━━━━━ Source information
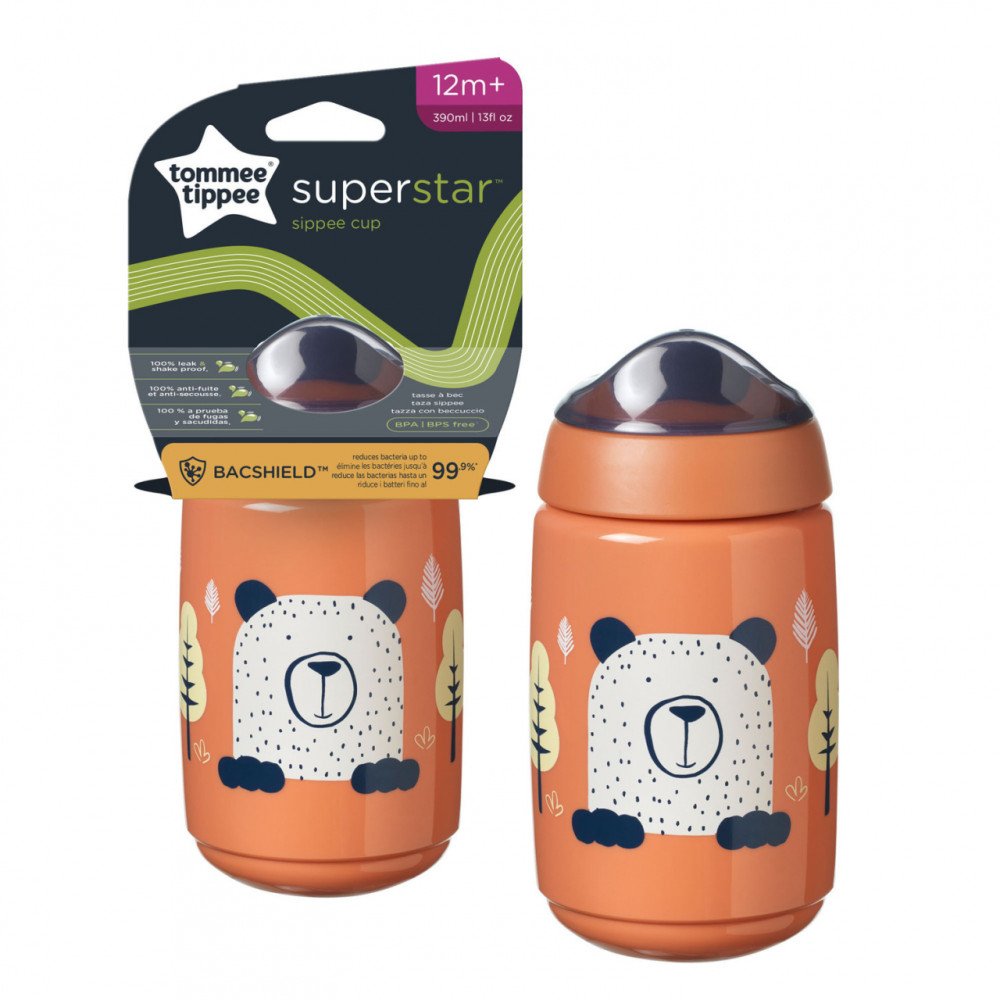 TOMMEE TIPPEE puodelis SIPPER, 12m+, 390ml, red, 447829-Maitinimui, Indai, įrankiai, gertuvės, Puodeliai, gertuvės-e-vaikas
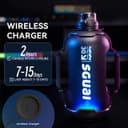 مطارة ماء رياضية ذكية 1.3 لتر مع تطبيق Sguai Smart Water Bottle Portable And Leak-Proof Design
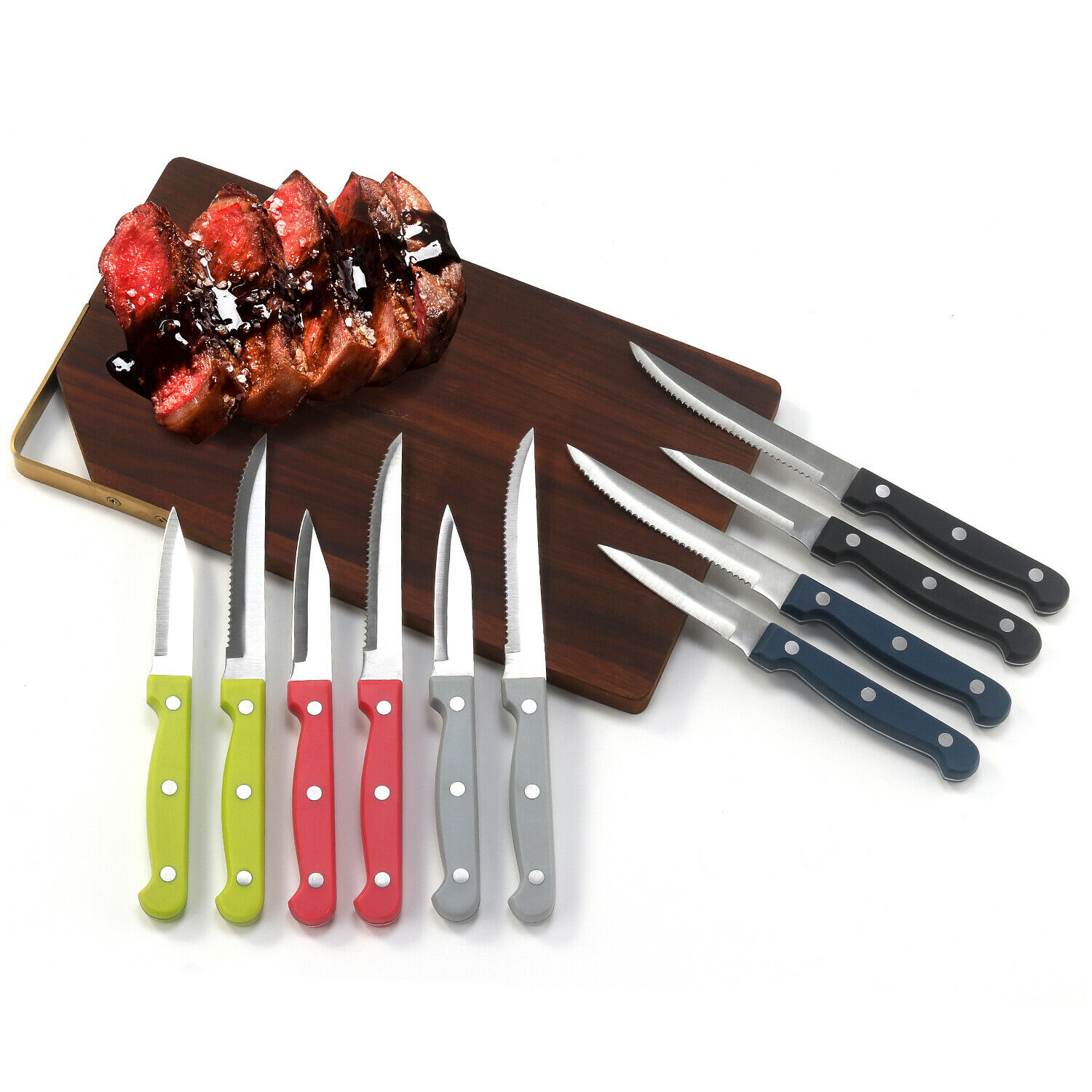 Stainless Steel Serrated Utility Knife and Paring Knife, 2pc set - Fresh Stock Dated February 2026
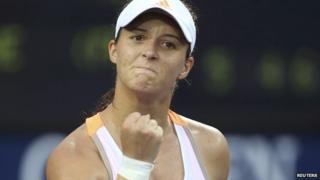 Laura Robson celebrating at the US Open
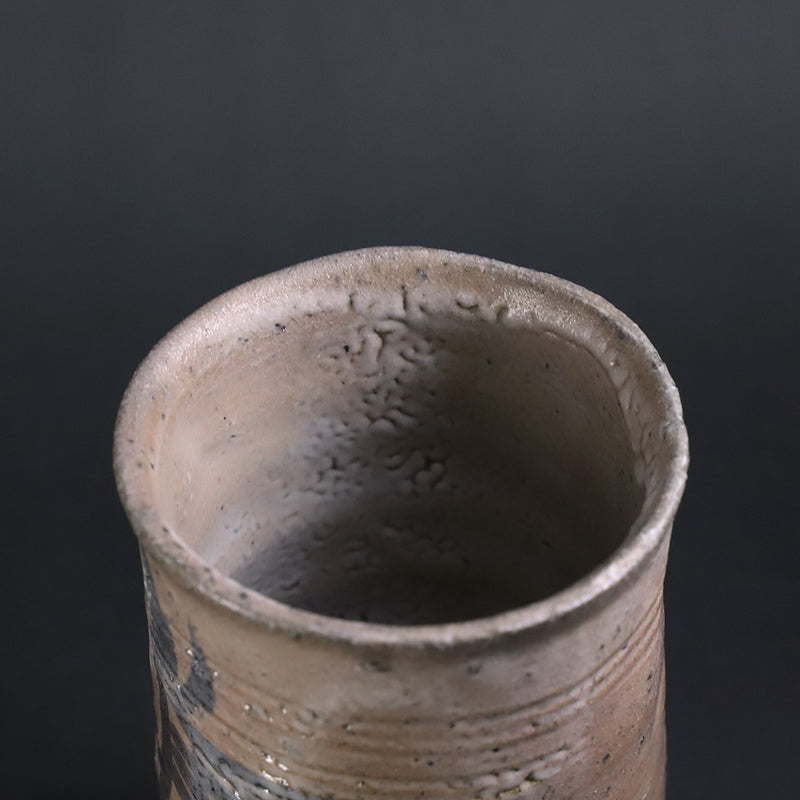 Painted Karatsu Goku Teacup by Munehiko Maruta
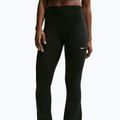 Női leggings Nike One High Waisted Flared black/white 5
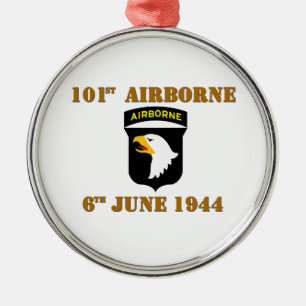 Ornamento De Metal 101st Airborne D-Day Normandy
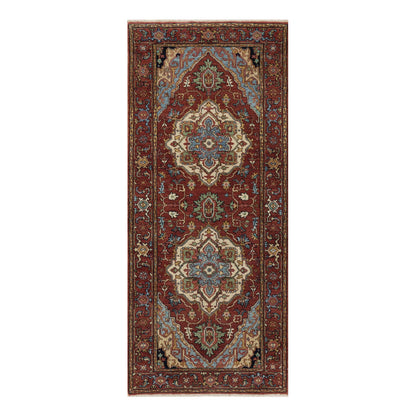 Heriz Wool Hand Knotted Rug Red 2.8x3.3 -O091375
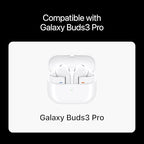 Premium Multi-Flange Eartips for Galaxy Buds3 Pro (White, Small) – Always Fits, Never Slips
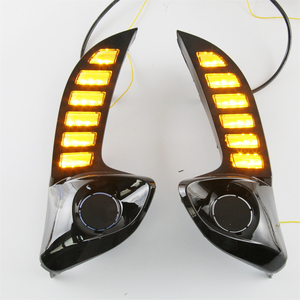 Feu de jour LED drl pour <span class=keywords><strong>toyota</strong></span> vios <span class=keywords><strong>yaris</strong></span> <span class=keywords><strong>2020</strong></span> 2021 2022 clignotant dynamique jaune voiture DRL feu antibrouillard lumière de jour - Product Image 6
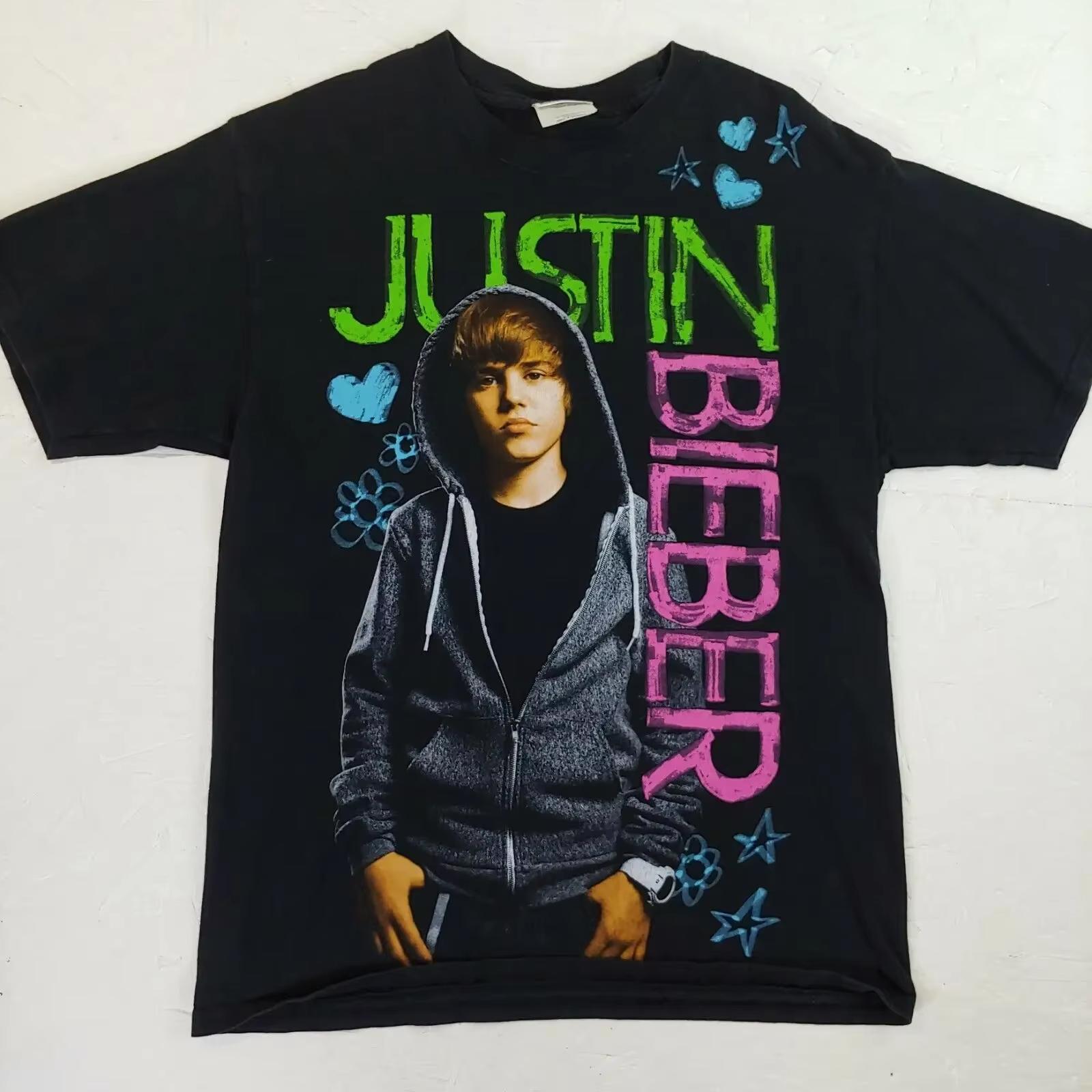 Bieber SWAG Justin Album Tshirt Sided ONeck Short Sleeve Shirt Fans Oversized Breathable Streetwear Unisex Casual Gift M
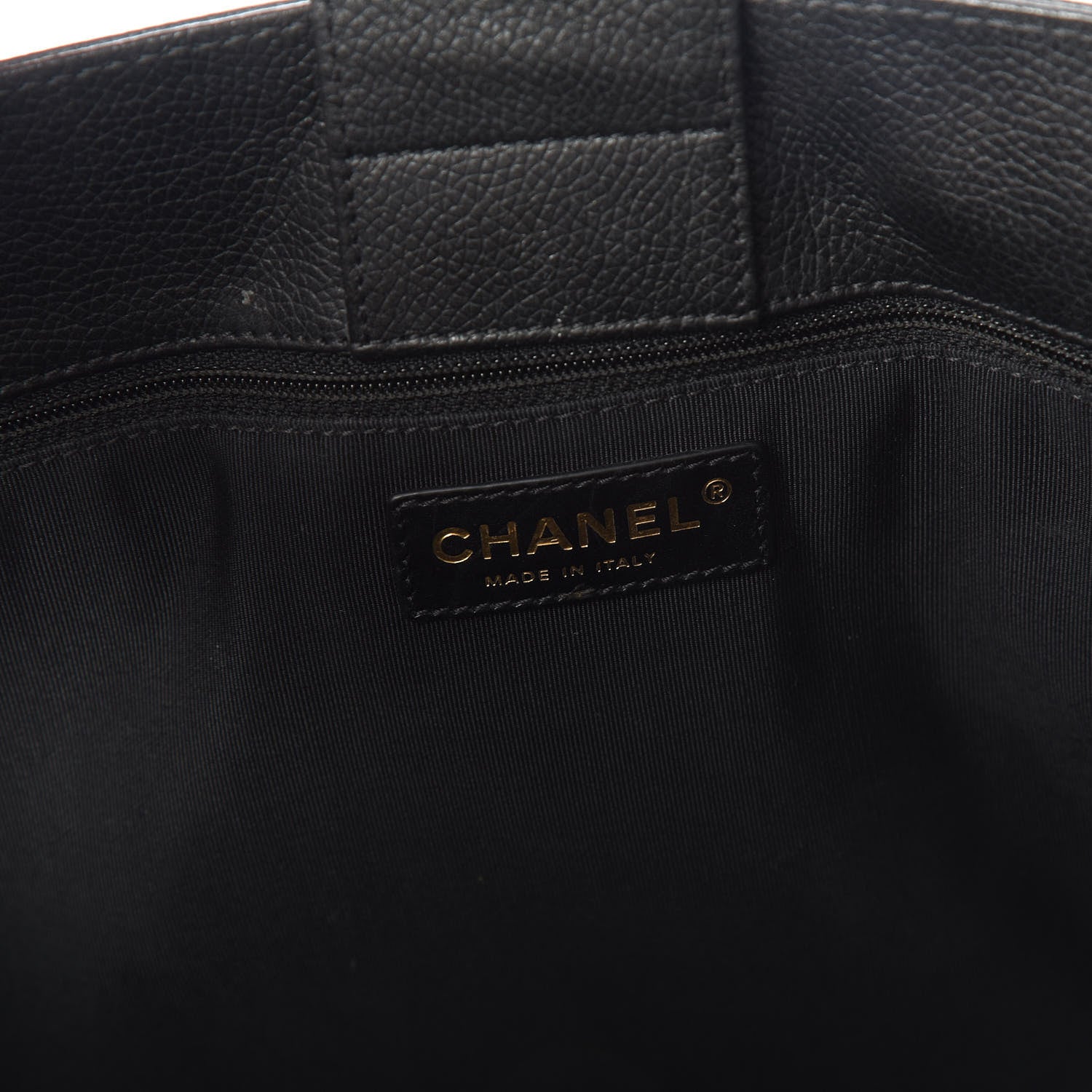 Chanel Calfskin Cerf Executive Shopper Tote Black 9 of 12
━━━━━━━━━━
What the task requires
Only the lines above from the one containing "Heriz Wool Hand" through the one containing "Feu de jour" should be returned, verbatim and inclusive, with pictures excluded.

Your response
 Heriz Wool Hand Knotted Rug Red 2.8x3.3 -O091375
 Premium Multi-Flange Eartips for Galaxy Buds3 Pro (White, Small) – Always Fits, Never Slips
 Feu de jour LED drl pour <span class=keywords><strong>toyota</strong></span> vios <span class=keywords><strong>yaris</strong></span> <span class=keywords><strong>2020</strong></span> 2021 2022 clignotant dynamique jaune voiture DRL feu antibrouillard lumière de jour - Product Image 6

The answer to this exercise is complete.